The Silk Road strategy’s ambitious vision aligns with Beijing’s goals much more closely than the TPP, which is a reflection of the U.S. international trade model writ large. The TPP’s proponents see it as a new vision for free trade and market liberalization around the world. It would integrate the U.S. economy with Asia to a degree heretofore unseen, providing a backbone for the oft-criticized U.S. rebalance to Asia. In doing so, it would set higher standards for doing business, with clauses intended to protect both the rights of workers and the environment. It may even become more inclusive and authoritative than the World Trade Organization (WTO), a U.S.-shaped body that currently sets the norms for international trade. The WTO is silent on certain hot-button issues like subsidies to the agricultural sector, manufacturing of parts and components, trade in services, and intellectual property rights protections. The TPP would cover all of these.
Washington insiders had believed the TPP would lead to one of two responses from China, both advantageous to U.S. interests: the TPP’s stringent labor and environmental standards would repel China, freezing itself out of a massive and advantageous trading block in its own backyard. Or, China would clamor to join, and in the process — like in the years leading up to its 2001 ascension into the WTO — become a more economically open nation. Meanwhile, in Asian capitals outside Beijing, there is widespread hope that the TPP would make China more supportive of other regional negotiations, and thus more likely to show restraint in its many territorial disputes with its neighbors.
But there is little evidence that China would adhere to any of these expectations. And why should it? The Silk Road strategy is a far better fit for Beijing than the TPP. With the TPP, the United States emphasizes high standards in market liberalization and openness. China’s Silk Road strategy has no "standards," except for a vague idea of mutual interest and mutual respect. The TPP seeks to reduce the roles of governments in market operations and to restrict the importance of state-owned enterprises (SOEs) in the economies of its members. The Silk Road plan, in contrast, relies on top-level government coordination, and would enhance the power of large SOEs and governments. The TPP focuses on services, intellectual property rights, and domestic regulations. The Silk Road strategy aims to facilitate large-scale infrastructure construction, energy sale and transport, and relocation of manufacturing industries.

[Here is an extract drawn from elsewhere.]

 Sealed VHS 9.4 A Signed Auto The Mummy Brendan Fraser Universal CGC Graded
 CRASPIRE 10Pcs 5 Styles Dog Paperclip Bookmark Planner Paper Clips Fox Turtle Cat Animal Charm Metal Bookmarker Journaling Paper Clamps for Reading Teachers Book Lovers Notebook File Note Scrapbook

It’s not only that the Silk Road plan is a better fit for China. Leading Chinese political thinkers also see the TPP as an enterprise with the potential to weaken China economically and politically — a strategy "to contain China" and to "change or overturn existing institutions in Asia-Pacific and the world," observed Chinese economics scholar Gu Guoda at Zhejiang University in a recent article in the party journal Probe. And the chairman of the APEC-affiliated China National Committee for Pacific Economic Cooperation Council Tang Guoqiang wrote in an early 2014 article in the Chinese journal International Studies that the United States acted as "a selfish hegemon" in the TPP. Some also believe that the changes required by the TPP negotiations — terms on SOEs, labor, environment, digital economy, and supply chain manufacturing — are a potential threat to China’s current political and social systems.

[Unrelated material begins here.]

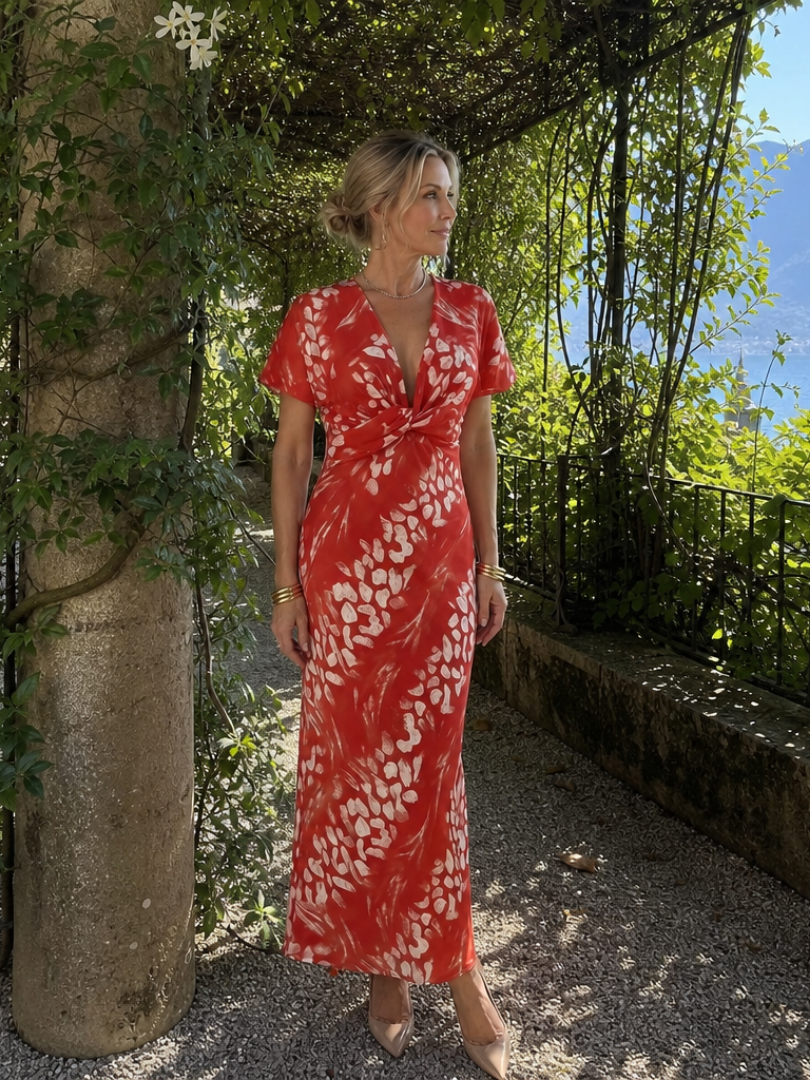 Astra | Short Sleeve Abstract Print Maxi Dress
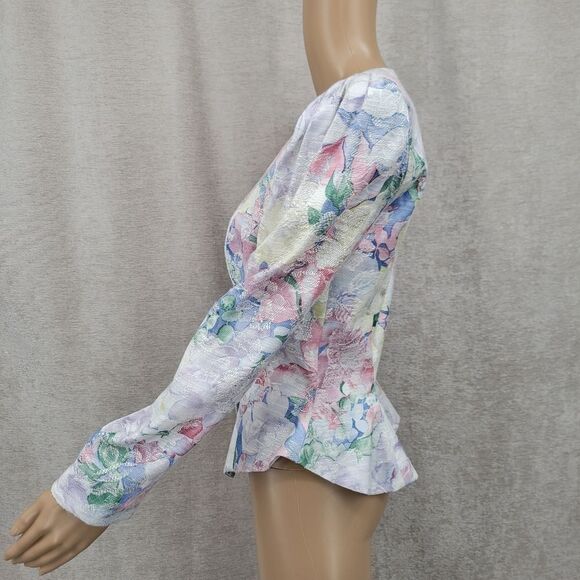 Ann Hobbs Vintage 80s Pastel Floral Tapestry Hourglass Peplum Blazer - Picture 7 of 15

As China embraces its role as an expanding world power, under Xi’s leadership it increasingly seeks to establish itself as an economic and institutional equal to the United States. The FTAAP cannot fulfill this vision. This year’s APEC may seem to present a dramatic push-and-pull between Obama’s TPP and Xi’s FTAAP, but for the real battle for influence over global trade, look to China’s new Silk Road strategy.